What is clear is that all operators assigned to an EU state for ETS compliance purposes (regardless of whether they are based in the EU) have to file a verified emissions report for 2010–regardless of whether or not they are claiming free carbon credits for 2012, when the full ETS implementation begins. In the October edition of AIN (“Confusion reigns over ETS implementation in Europe,” page 6), it was incorrectly reported that only operators claiming credits need to complete this task. Those claiming credits also have to file the so-called “tonne-kilometer” report, calculated from the number of metric tons of fuel burned, the number of kilometers flown within EU airspace over a Great Circle route (plus 95 nm) and the payload flown.

According to Neil Duffy, technical manager with UK-based verifier ICM ETS, questions as to whether site visits are required will probably be resolved only when the European Commission (EC) approves the final version of Eurocontrol’s ETS Support Facility (covering the process for small emitters). This has been expected for many months and should be issued before year-end.
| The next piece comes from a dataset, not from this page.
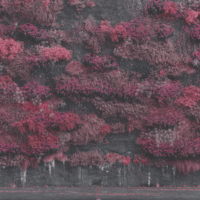 Even In Arcadia (2025) - Album by Sleep Token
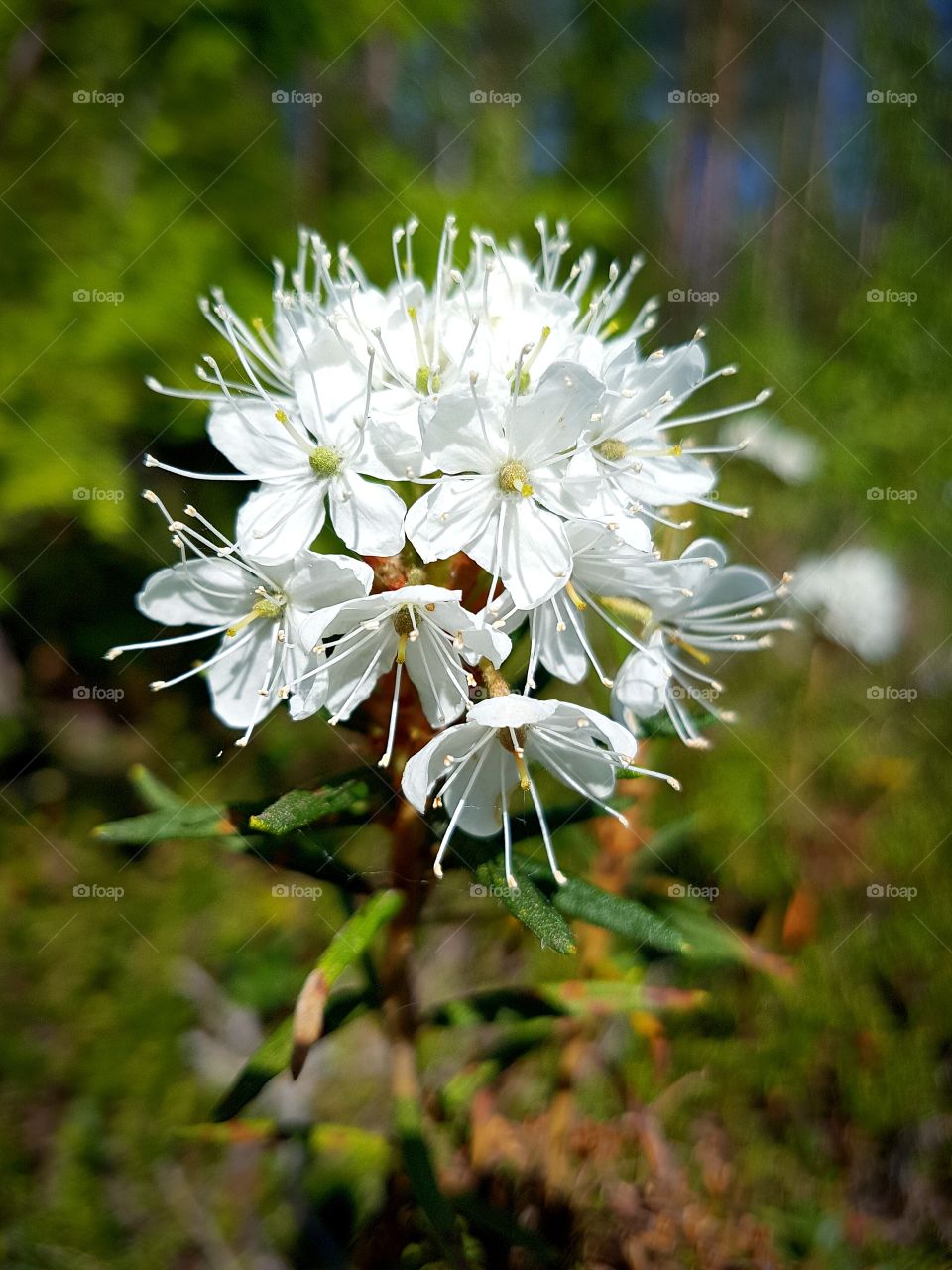 labrador tea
According to sources close to the approval process, the delay has been caused by disagreement over how much, if anything, to charge operators to use the facility.

The final version of the support facility will go live next month, according to Bo Redeborn, director of cooperative network design with Eurocontrol. On November 10, he told Quaynote’s Future of Business Jets conference in London that it would cost operators €400 per year to subscribe to the tool. This fee will allow them or their authorized verifier access to flight data, which will be archived for 10 years.
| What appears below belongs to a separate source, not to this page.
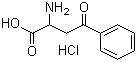 Alpha-氨基-gamma-氧代-苯丁酸盐酸盐结构式_54631-37-7结构式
Eurocontrol has been adding new aircraft manufacturer data to the support facility to improve the accuracy of emissions calculations, which have been found to be significantly inaccurate for some aircraft types in early use of the beta test model of the system.
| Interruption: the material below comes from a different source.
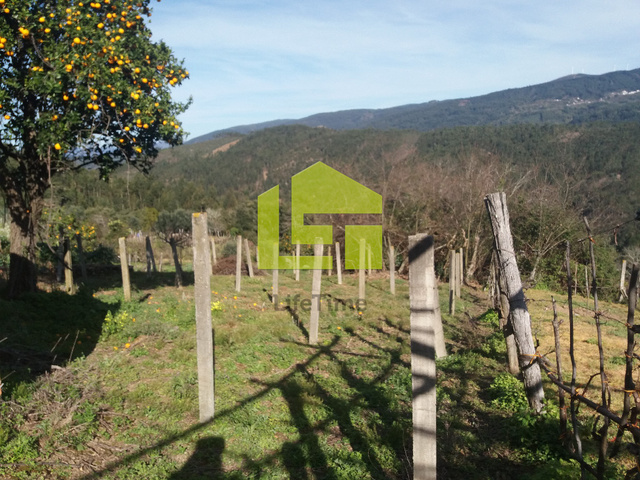 Moradia T0 - Vila Nova, Miranda do Corvo, Coimbra - Imagem grande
According to the UK Environment Agency, which has been one of the more transparent EU ETS authorities, the EC is about to give a final ruling as to whether site visits will be required. Its Web site (www.environment-agency.gov.uk) points out that the broad EU guidelines say no more than that a site visit “may be appropriate” but there is no information as to the circumstances in which it may not be required. This decision alone could make a big difference to small operators facing EU ETS compliance costs that they feel are in danger of being out of proportion to their actual carbon footprint.

What’s more, the actual cost of EU-ETS compliance will vary significantly depending on which EU national body an operator has been assigned to. Some countries are charging little or nothing to file emissions reports. The UK is charging approximately £800 ($1,280) for the annual emissions report and the same again for operators completing a tonne-kilometer report to claim free carbon credits (prompting some small operators not to bother claiming these).

Meanwhile, the European Business Aviation Association (EBAA) is continuing to push for an increase in the threshold at which operators can be categorized as small emitters for ETS compliance purposes. It currently stands at 10,000 metric tons of CO2 per year, but the group has argued that the Eurocontrol data in the ETS Support Facility is sufficiently accurate to justify increasing this to 25,000 or even 50,000 metric tons.

Eurocontrol estimates that approximately 3,000 operators can currently be classed as smaller emitters, but this number would increase if the CO2 emissions threshold were raised. This in turn could reduce the cost of using the ETS Support Facility.

According to EBAA, even the EC’s updated list of operators subject to ETS is full of inconsistencies and errors. Partly due to the complexity of the compliance process, it maintains that as many as 30 percent of those operators who should already have registered for ETS have yet to do so.